An Important Role of α-Hemolysin in Extracellular Vesicles on the Development of Atopic Dermatitis Induced by Staphylococcus aureus

Skin barrier disruption and dermal inflammation are key phenotypes of atopic dermatitis (AD). Staphylococcus aureus secretes extracellular vesicles (EVs), which are involved in AD pathogenesis. Here, we evaluated the role of EVs-associated α-hemolysin derived from S. aureus in AD pathogenesis. α-hemolysin production from S. aureus was detected using western blot analyses. The cytotoxic activity of α-hemolysin on HaCaT keratinocytes was evaluated by measuring cell viability after treating cells with soluble and EVs-associated α-hemolysin. To determine the type of cell death, HaCaT keratinocytes were stained with annexin V and 7-AAD. The in vivo effects of α-hemolysin were evaluated by application of soluble and EV-associated α-hemolysin on the mouse skin. The present study showed that increased α-hemolysin was produced by S. aureus colonized on AD patients compared to healthy subjects. α-hemolysin production was also related to AD severity. In addition, EV-associated α-hemolysin was more cytotoxic to HaCaT keratinocytes than soluble α-hemolysin, and α-hemolysin-negative EVs did not induce keratinocyte death.

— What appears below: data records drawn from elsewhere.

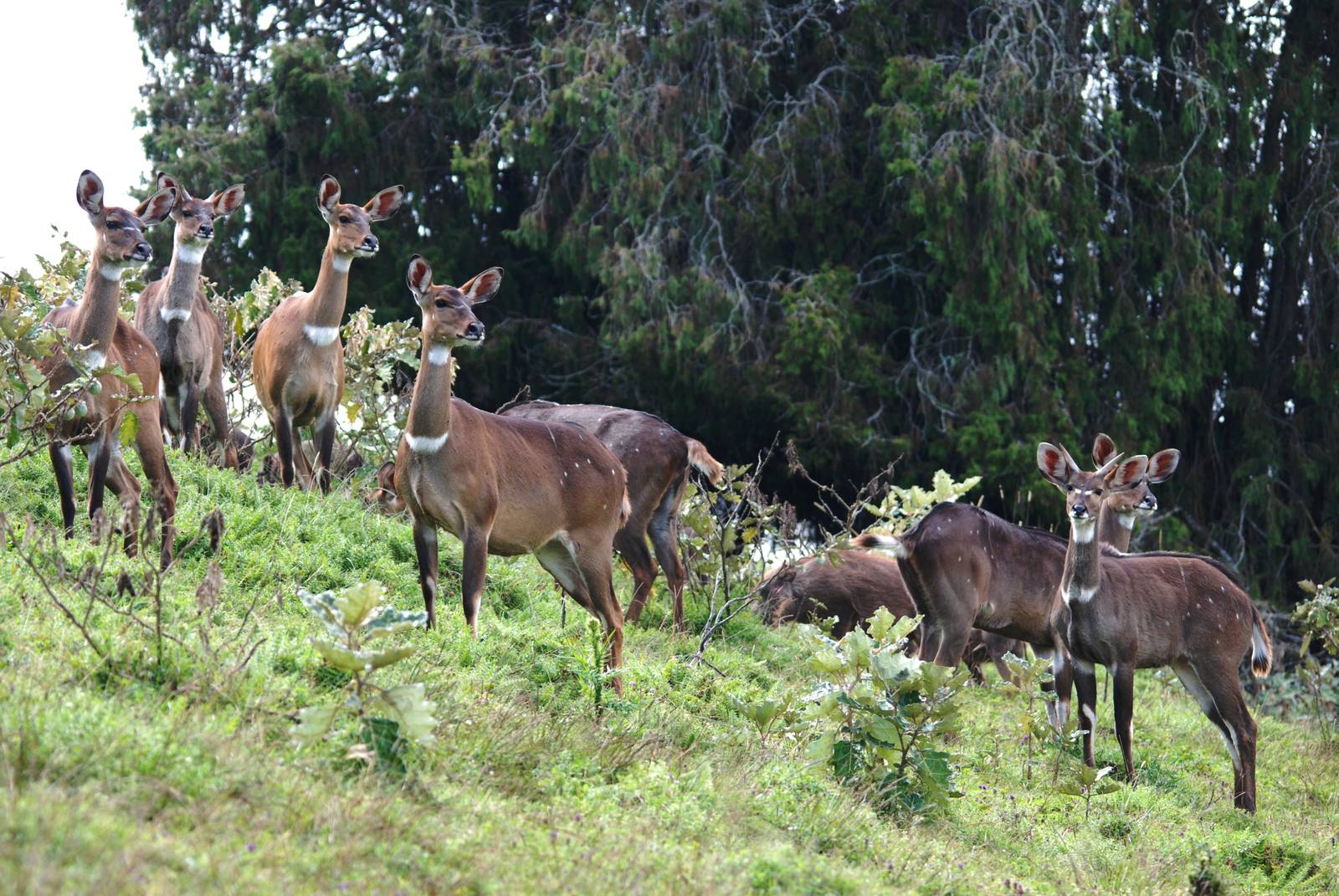 Mountain Nyalas in Bale Mountains NP, 16/10/14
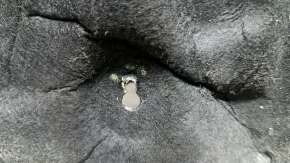 Tesla Model X 22-25 rear engine soundproofing is cracked.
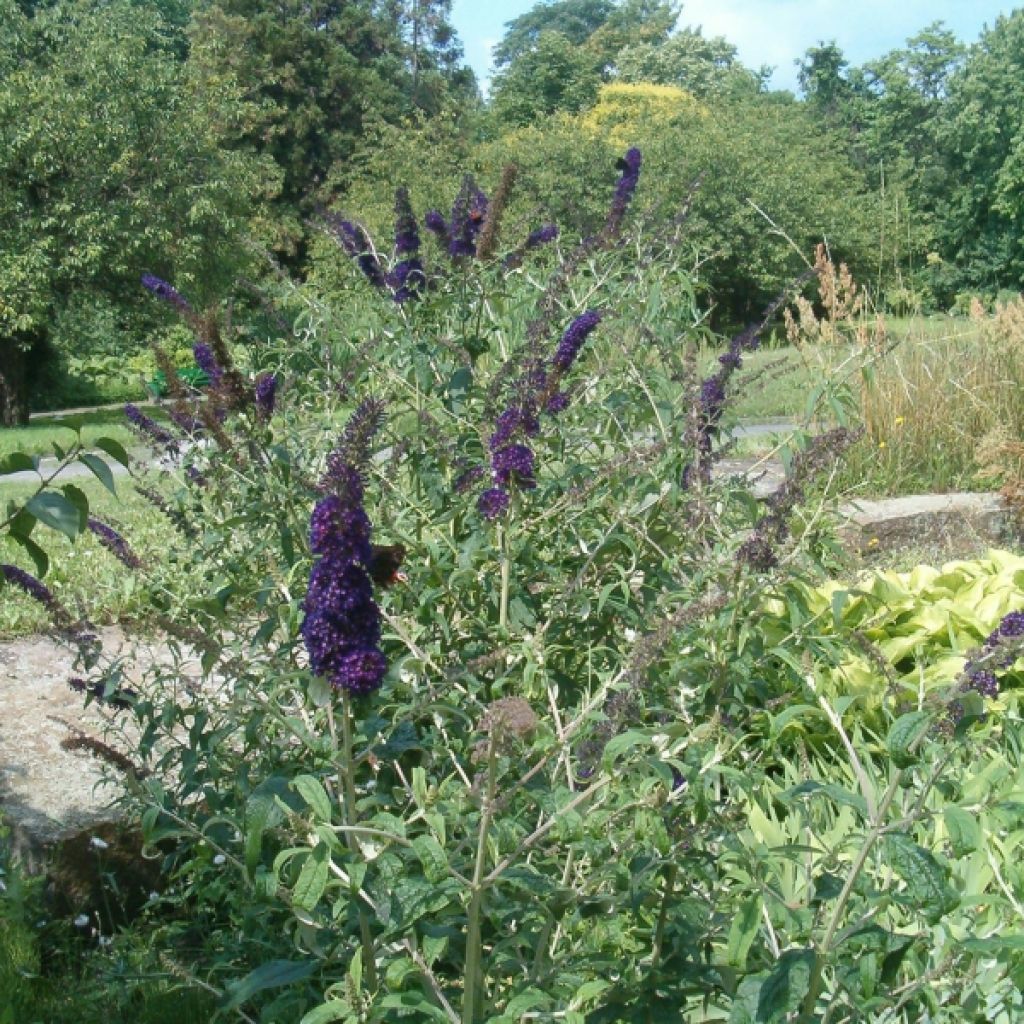 Buddleja davidii Black knight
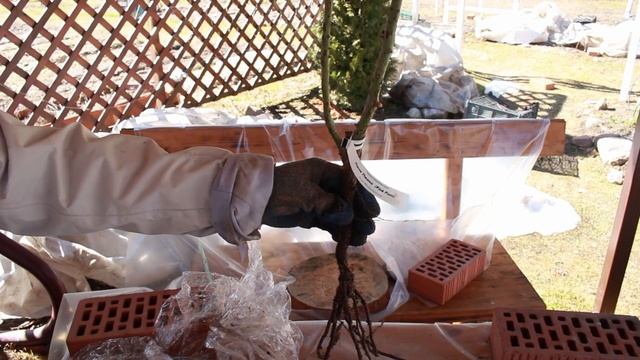 Продолжаем распаковку посылки из 17 роз. Розы Вдохновения. Часть 2 смотреть онлайн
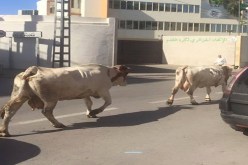 صورة بألف معنى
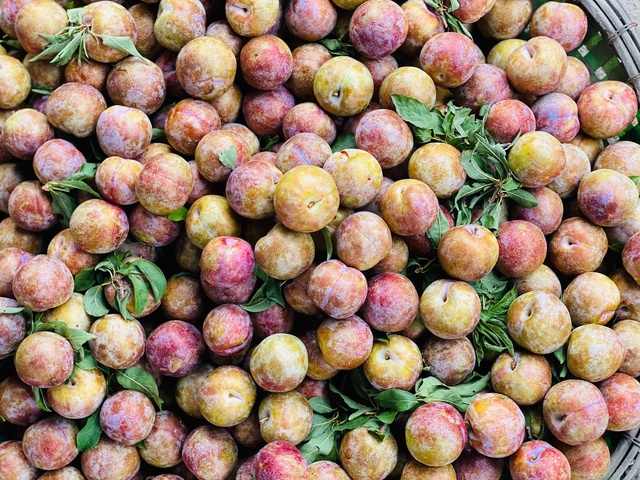 Mận hậu bán ngập thị trường, tiểu thương chỉ cách phân biệt mận Việt và mận Trung Quốc- Ảnh 6.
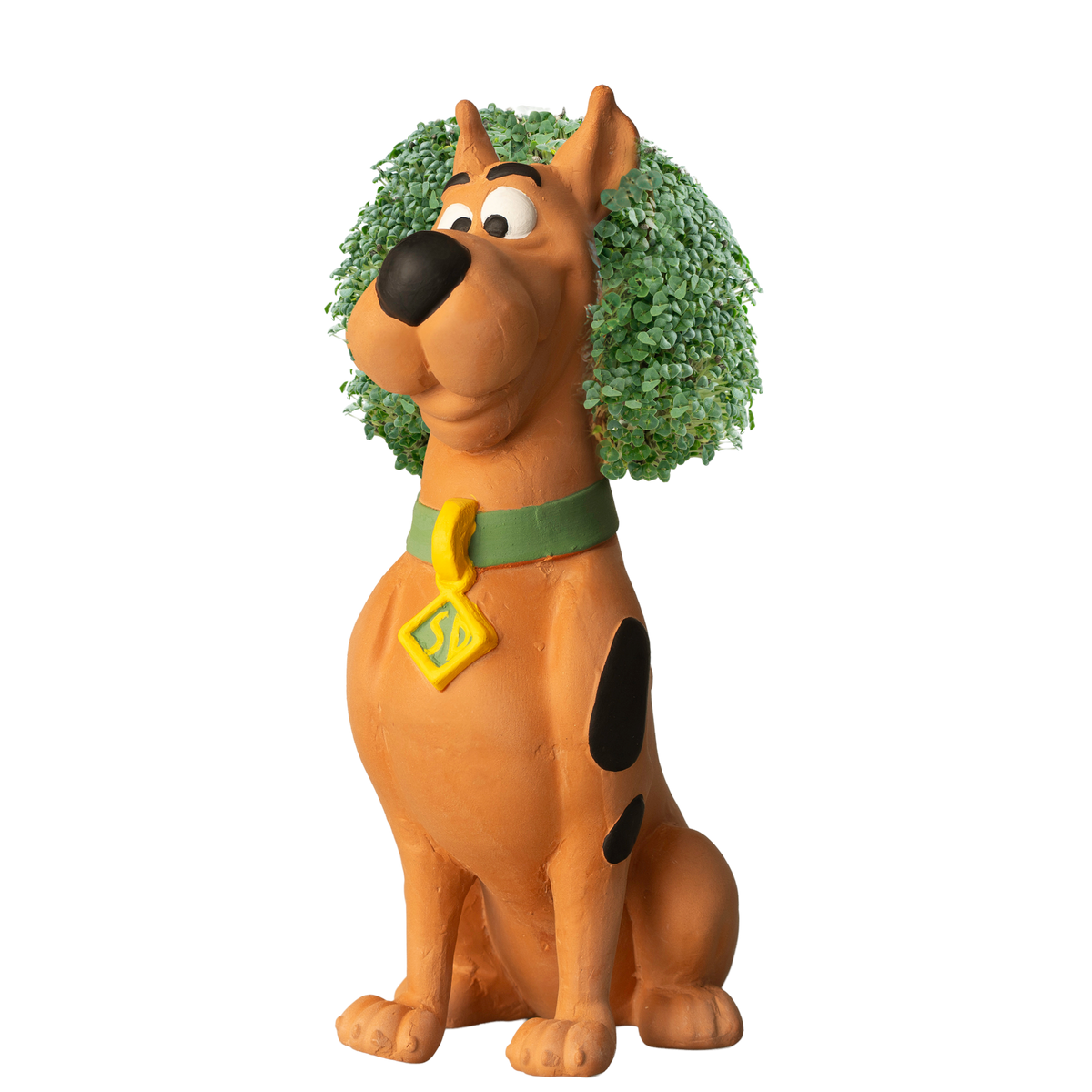Scooby-Doo!™ Chia Pet® (PRE-ORDER)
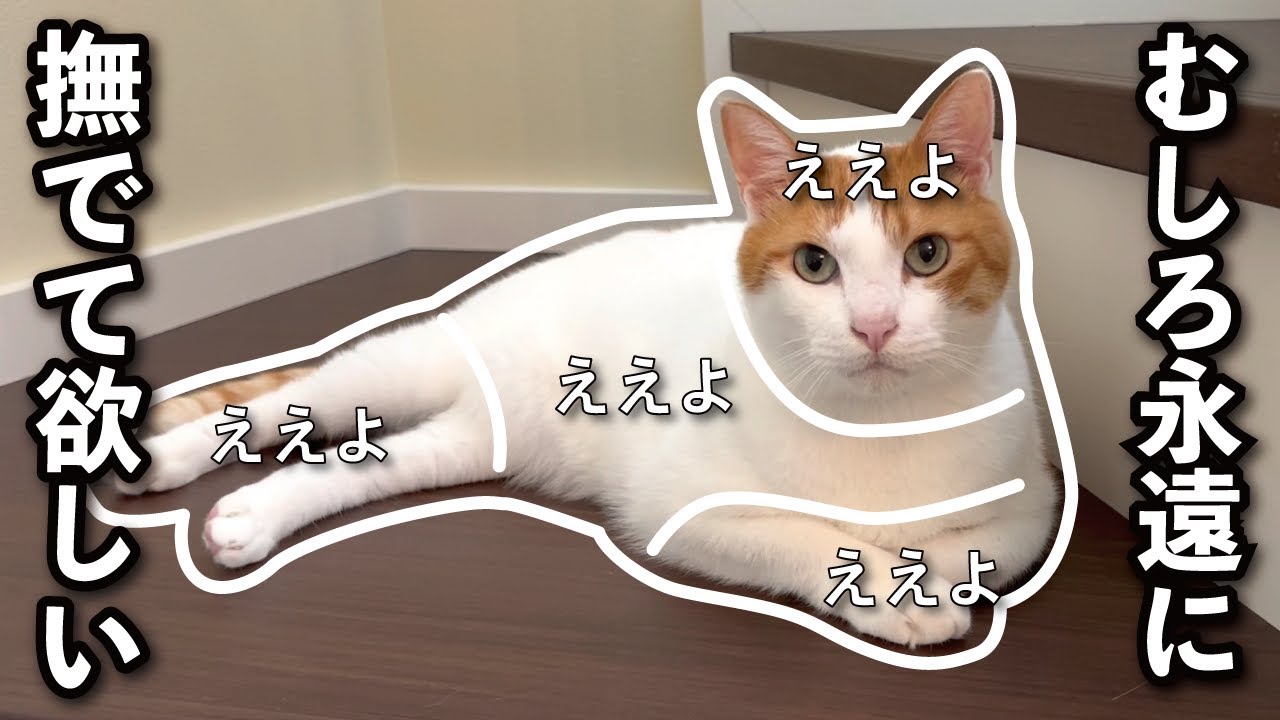 【甘えんぼ猫】師匠の『おさわりマップ』を作ってみたらこうなった…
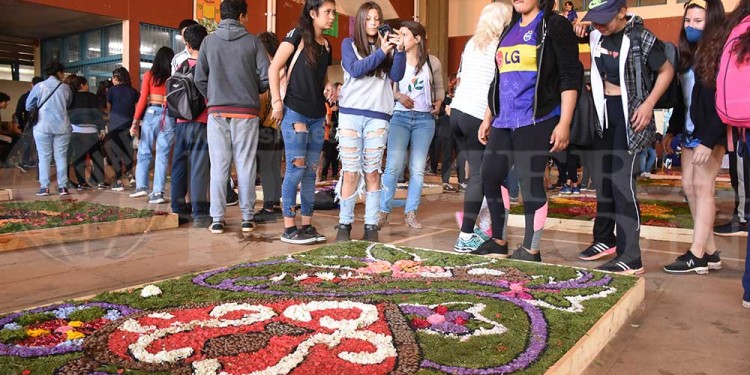 Candelaria vivió con emoción una nueva muestra de alfombras florales en el BOP 5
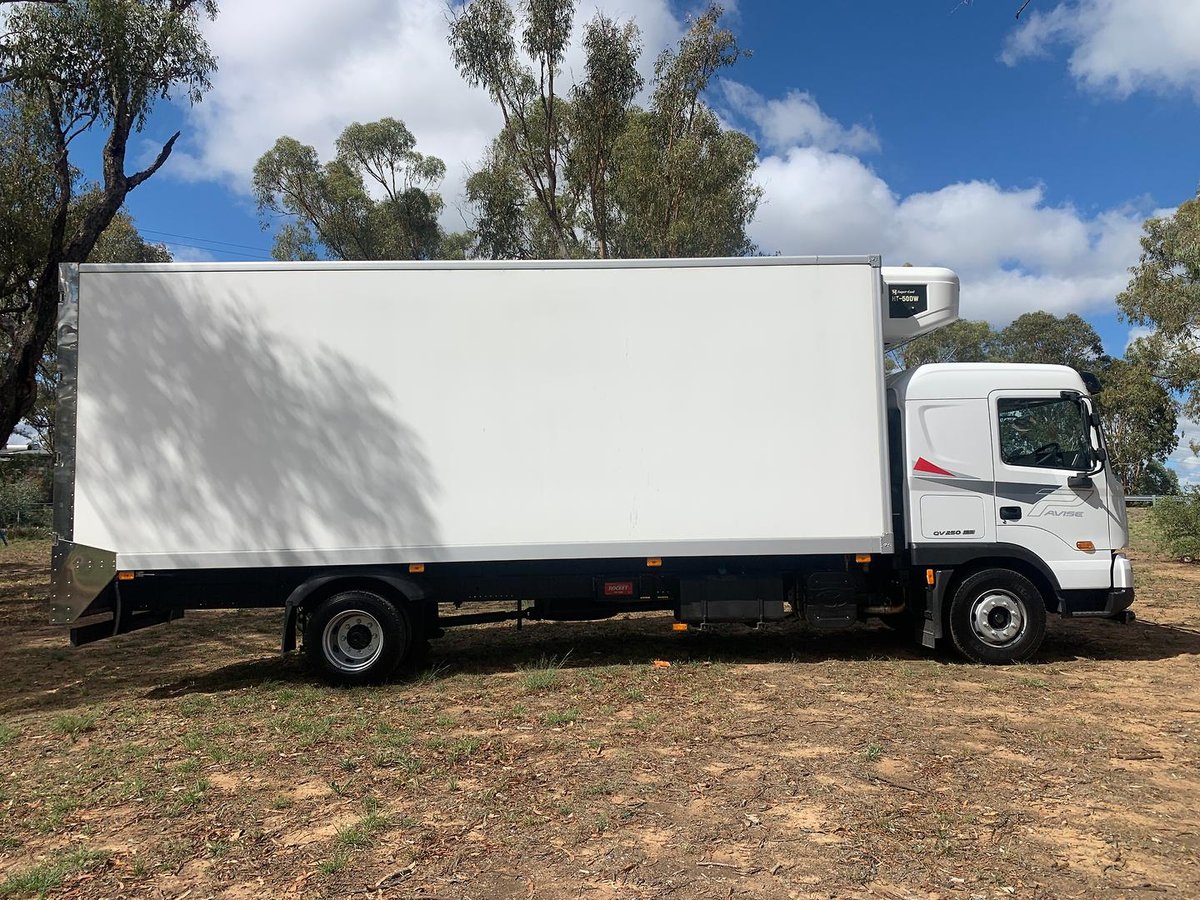 2025 Hyundai Pavise D115 Freezer Pantech image 8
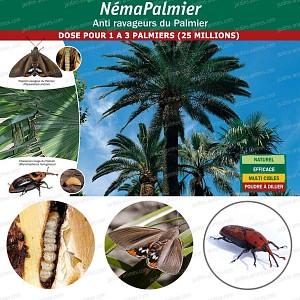 NemaPalmier 25 millions pour 1 à 3 palmiers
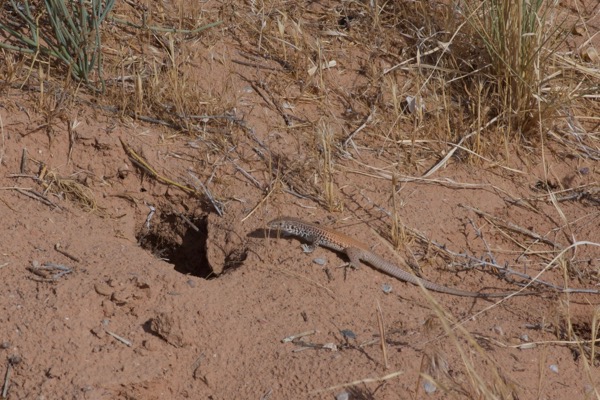 Plateau Tiger Whiptail (Aspidoscelis tigris septentrionalis)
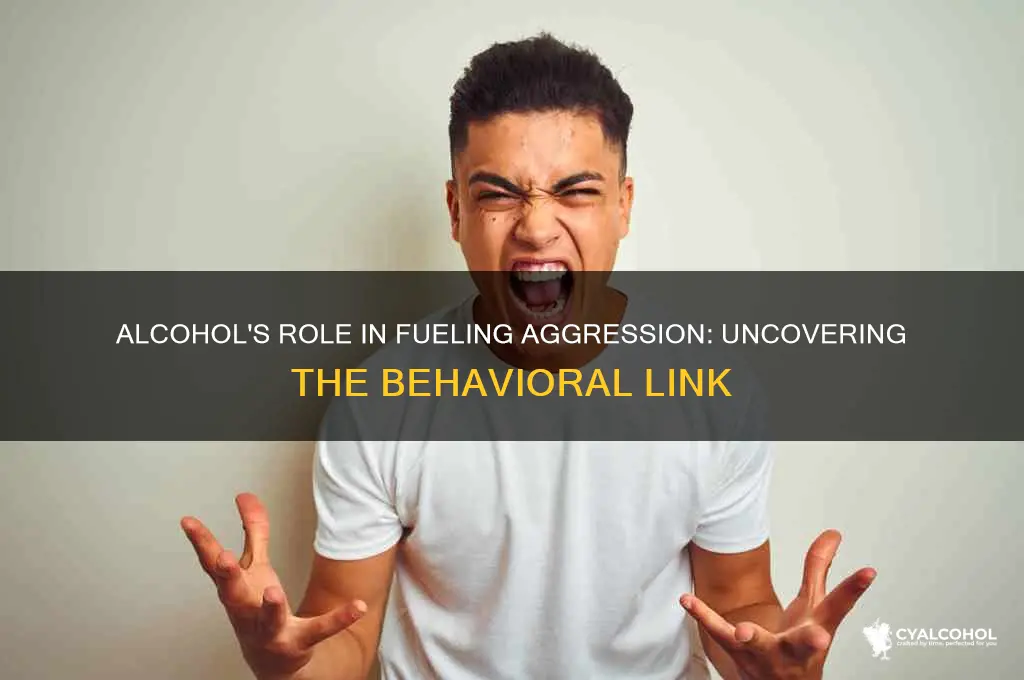 how does alcohol impact aggressive behavior
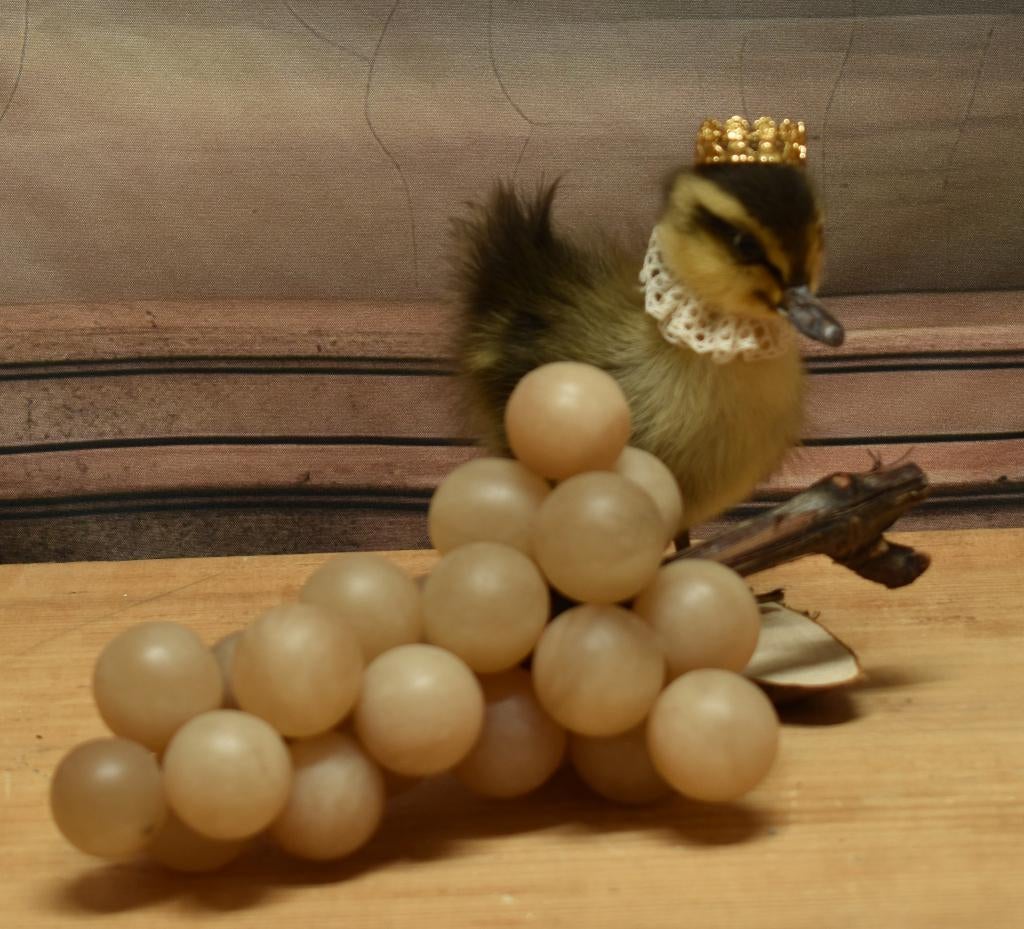 Albast druiventros. "Uit Aletta's Tijd", Ophalen of Verzenden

EV-associated α-hemolysin induced necrosis, but soluble α-hemolysin induced apoptosis of keratinocytes. In vivo, skin barrier disruption and epidermal hyperplasia were induced by soluble and EV-associated α-hemolysin. However, AD-like dermal inflammation was only caused by EV-associated α-hemolysin. Moreover, neither skin barrier disruption nor AD-like skin inflammation was induced by α-hemolysin-negative EVs. Taken together, α-Hemolysin secreted from S. aureus, particularly the EV-associated form, induces both skin barrier disruption and AD-like skin inflammation, suggesting that EV-associated α-hemolysin is a novel diagnostic and therapeutic target for the control of AD.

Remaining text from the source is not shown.